HARUSAI JOURNAL春祭ジャーナル

春祭ジャーナル 2010/03/27

ニューヨークのリッカルド・ムーティを聴いて

文・林田直樹(音楽ジャーナリスト)

スケールが大きいムーティの音楽

 3月上旬、ニューヨークでリッカルド・ムーティ指揮による2つの演奏を聴いた。ひとつは、メトロポリタン・オペラに初登場となるヴェルディの歌劇《アッティラ》(ピエール・アウディ新演出)を3月6日に、そしてもうひとつは、ニューヨーク・フィルの定期演奏会を3月8日に。

 まず《アッティラ》は、骨太の筆づかいで力強く旋律を歌い上げるムーティのタクトに、オーケストラも合唱も、そして聴衆も完全に魅了され尽くしていた。初めての客演であるにもかかわらず、まぎれもなくムーティ・カラーの音楽が鳴っていた。

 ムーティの音楽には、少々のことでは微動だにしない、どっしりとした安定感がある。一見クールだが、そこにはマグマのごとき情熱が秘められている。このエネルギーはいつ解放されるのか? 静かなる男ムーティは、少々のことではアッチェルランドなんかしない。まだかまだか……。抑制の末、聴いているこちら側がじらされてたまらなくなったとき、ムーティのタクトは円形を描きながら、オーケストラに対して情熱的に「ある方向」を指し示す。そうなると、オケも聴衆も、気持ちは一心同体である。音楽はどくんどくんと脈動しながら、華麗な終結部に向かって、ムーティのペースに乗って、強烈なクライマックスを築き上げていく。これがムーティらしさだと思う。

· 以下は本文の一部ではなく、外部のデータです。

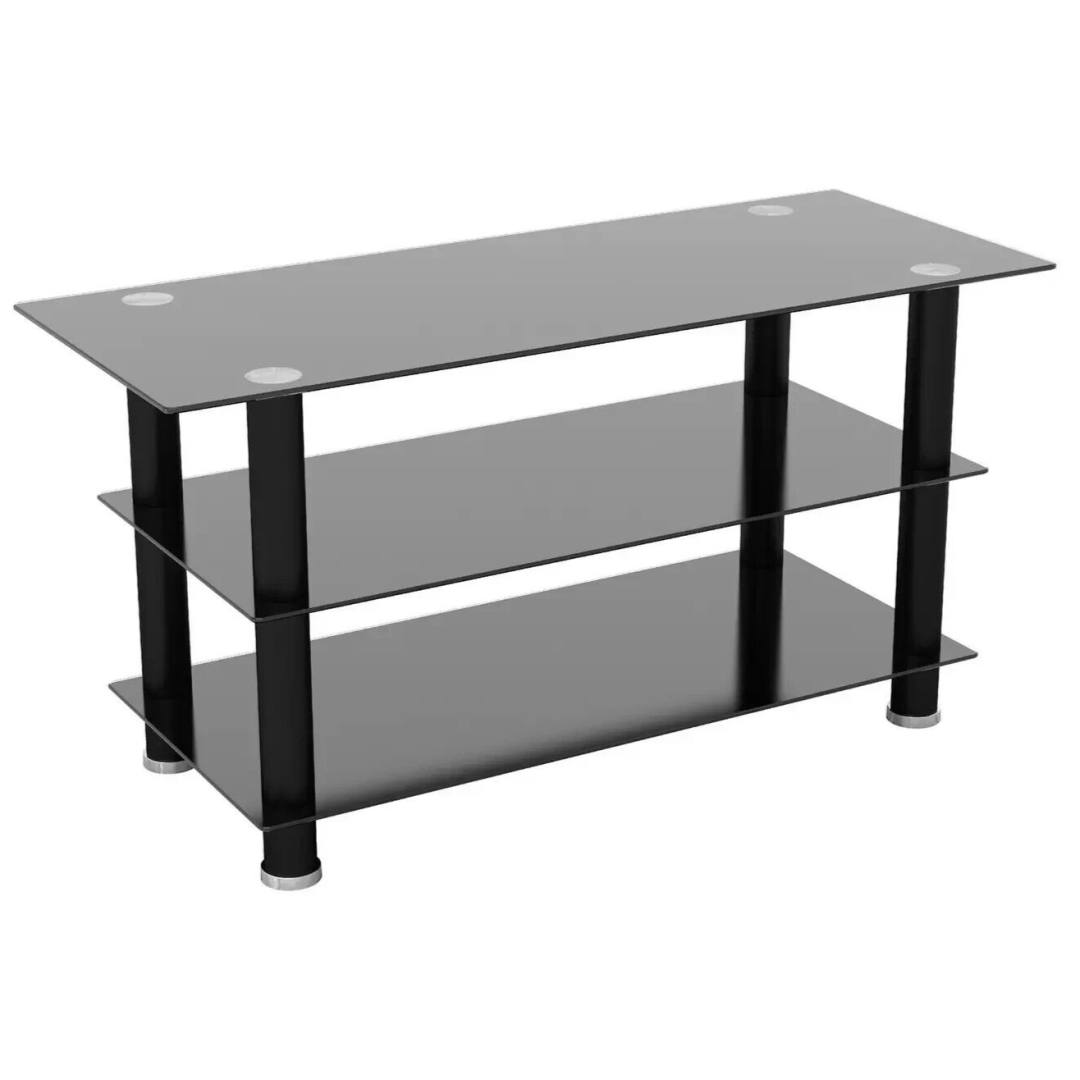 AVF TV Stand With Storage in Black - Up to 50 Inch TV Unit Glass - 100cm Wide AVF TV Stand With Storage in Black - Up to 50 Inch TV Unit Glass - 100cm Wide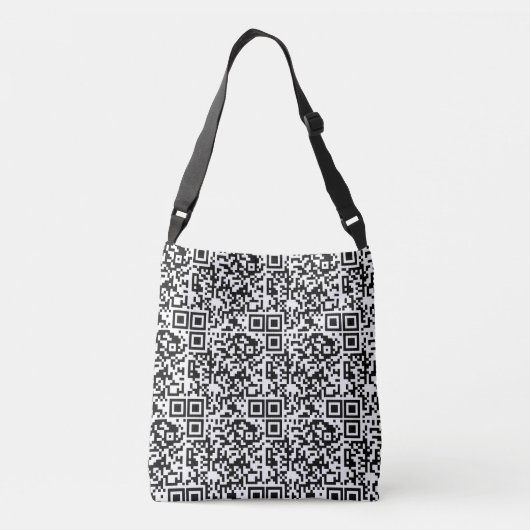 Aanpasbare QR-code Zwart & Wit Abstract Nerd Crossbody Tas (Achterkant)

 楽員や合唱団員にとって初顔合わせとなったムーティの印象は、はたしていかなるものだったのか。オケの主要メンバーやコーラスマスターに筆者が取材した話を総合すると、ムーティのヴェルディ解釈が決定的に“違う”のは、非常に長いフレーズで旋律のラインをとらえるところにあるらしい。細部で切りすぎずに、音楽を大きなスケールで把握する。そして先述したような、いざというとき「方向」を指し示すときの決断力。このあたりが、ムーティの音楽を男性的だと感じるひとつの大きな理由かもしれない。

知られざる名曲を開拓する

 ニューヨーク・フィル定期演奏会(エイヴリー・フィッシャー・ホール)も素晴らしいコンサートであった。プログラムは、ピアニストのアンドラーシュ・シフをソロに迎えたブラームス《ピアノ協奏曲第1番 ニ短調》、そしてヒンデミット《交響曲 変ホ調》。

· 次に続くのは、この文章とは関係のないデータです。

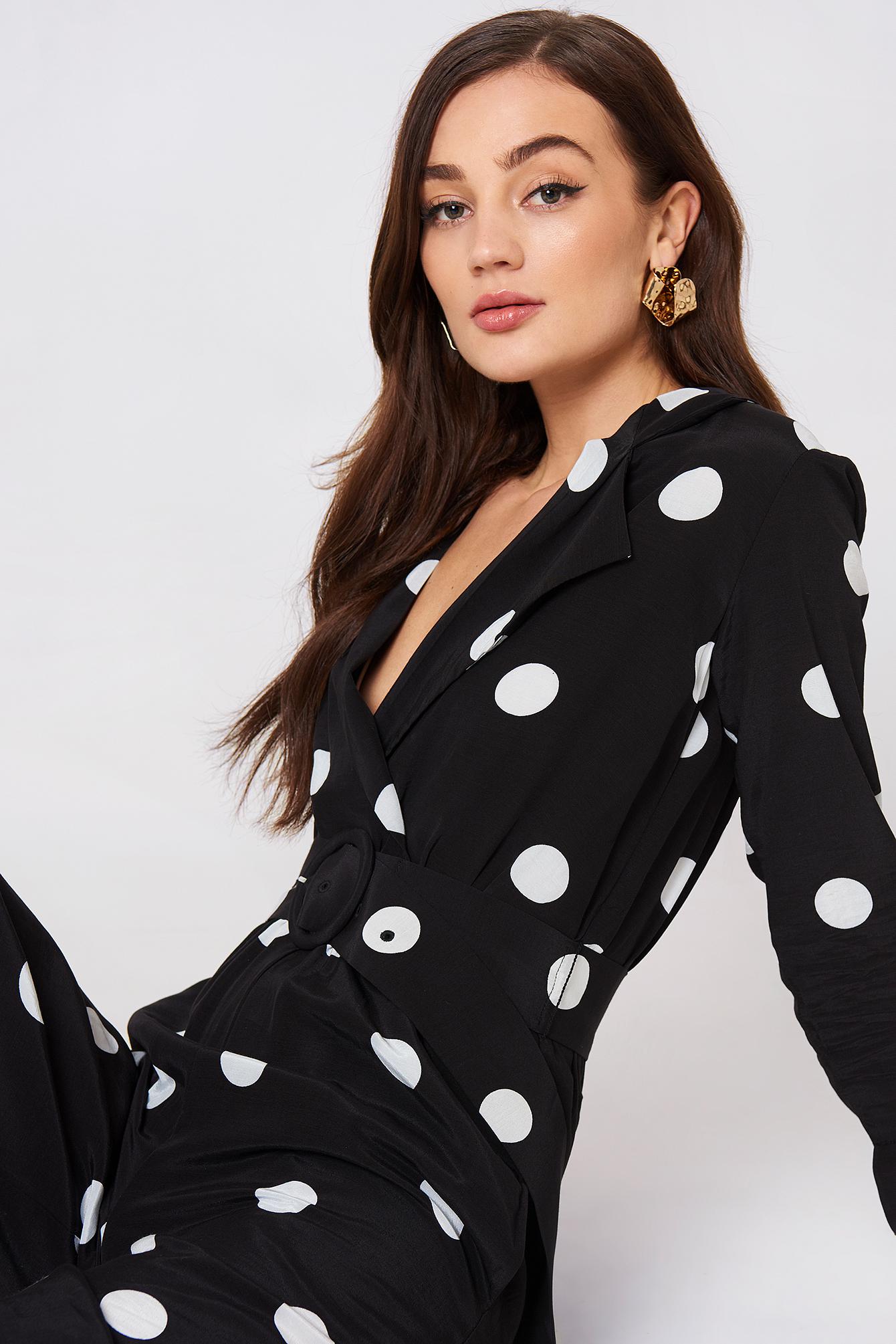 mango jumpsuit polka dot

 ブラームスは、ピアノ協奏曲とは言うものの、実際はとてもシンフォニックな作品。ここでムーティとニューヨーク・フィルは、当然ながら「伴奏」とは次元の違う、ガツンと手応えのあるダイナミックな演奏を繰り広げ、スケール感ゆたかな世界を構築してみせた。

 しかし、なんと言っても素晴らしかったのはヒンデミット《交響曲 変ホ調》である。さほど知られているとは言いがたいこの作品は、《画家マチス》以上にエネルギッシュかつ大胆な力にあふれた音楽。

 ムーティの最大の功績に「知られざる名曲の開拓」ということがあって、初期ヴェルディもそのひとつだし、ケルビーニやスポンティーニ、レスピーギ、マルトゥッチなど、未知のレパートリーを紹介することに、長年心を砕いてきた。今回のニューヨーク登場に際して、ムーティがヒンデミットを取り上げたのには理由がある。

 《交響曲 変ホ調》は、ヒンデミットのアメリカ亡命時代の最大の労作で、1941年11月のミネアポリスでの初演後まもない12月に、ニューヨーク・フィルが演奏している。しかし1967年にバーンスタイン指揮で演奏されて以来、ニューヨーク・フィルでは取り上げられていなかった。その作品に改めて光を当てる格好となったのが、今回の演奏である。つまり必然性のあるプログラミングなのだ。

 端的に言えばムーティの解釈は、ヒンデミットのこの交響曲が、ベートーヴェン的な力強さと確固とした構成に加え、ギッチリと緻密に書き込まれたオーケストレーションの面でも超一流であることを証明するものであった。最後の雄大なクライマックスが終結すると、エイヴリー・フィッシャー・ホールは総立ちの熱狂となった。いわゆるポピュラーな名曲ではなく、ヒンデミットの知られざる音楽で、ここまでニューヨークの聴衆を夢中にさせた――。これはとても大きなことである。

 メトロポリタン・オペラでの《アッティラ》終演後、私はムーティの楽屋を訪ね、握手しながら「日本での《カルミナ・ブラーナ》を楽しみにしていますよ」と言うと、嬉しそうに「ありがとう」と笑顔を見せた。ムーティが気持ちを少し東京に向けたのを感じた。

 ちなみにその場にはウィーンからの客人の姿があった。ウィーン国立歌劇場総監督イオアン・ホーレンダーである。世界からムーティを求める声が絶えることはない。そんな多忙なムーティが、「東京・春・音楽祭」で春をテーマにした《カルミナ・ブラーナ》にどのような気持ちを込め、日本の演奏家たちとともに、私たちに何を伝えようとするのかが、今から楽しみである。